▶ **EXERCISE BRIEF**: Search the data for "glass". Each line containing it is to be copied.

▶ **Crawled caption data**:
>>>>>

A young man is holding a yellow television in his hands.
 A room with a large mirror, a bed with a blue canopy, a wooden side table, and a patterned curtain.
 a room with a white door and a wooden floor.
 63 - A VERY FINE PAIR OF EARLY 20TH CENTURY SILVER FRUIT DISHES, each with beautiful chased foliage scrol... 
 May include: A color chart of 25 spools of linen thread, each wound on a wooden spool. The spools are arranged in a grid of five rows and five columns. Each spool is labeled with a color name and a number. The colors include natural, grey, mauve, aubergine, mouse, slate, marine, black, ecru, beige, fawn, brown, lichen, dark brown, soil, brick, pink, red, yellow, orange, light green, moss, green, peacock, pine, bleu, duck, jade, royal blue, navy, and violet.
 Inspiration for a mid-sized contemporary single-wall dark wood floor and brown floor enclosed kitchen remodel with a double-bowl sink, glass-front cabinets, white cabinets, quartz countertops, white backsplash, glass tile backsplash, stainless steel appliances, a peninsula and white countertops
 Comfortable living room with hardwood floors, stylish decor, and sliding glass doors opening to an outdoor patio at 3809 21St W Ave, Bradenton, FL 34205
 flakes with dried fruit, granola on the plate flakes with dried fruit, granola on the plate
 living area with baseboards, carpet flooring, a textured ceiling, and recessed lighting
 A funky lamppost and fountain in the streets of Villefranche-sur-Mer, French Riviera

<<<<<

▶ **WRITTEN SOLUTION**:
 Inspiration for a mid-sized contemporary single-wall dark wood floor and brown floor enclosed kitchen remodel with a double-bowl sink, glass-front cabinets, white cabinets, quartz countertops, white backsplash, glass tile backsplash, stainless steel appliances, a peninsula and white countertops
 Comfortable living room with hardwood floors, stylish decor, and sliding glass doors opening to an outdoor patio at 3809 21St W Ave, Bradenton, FL 34205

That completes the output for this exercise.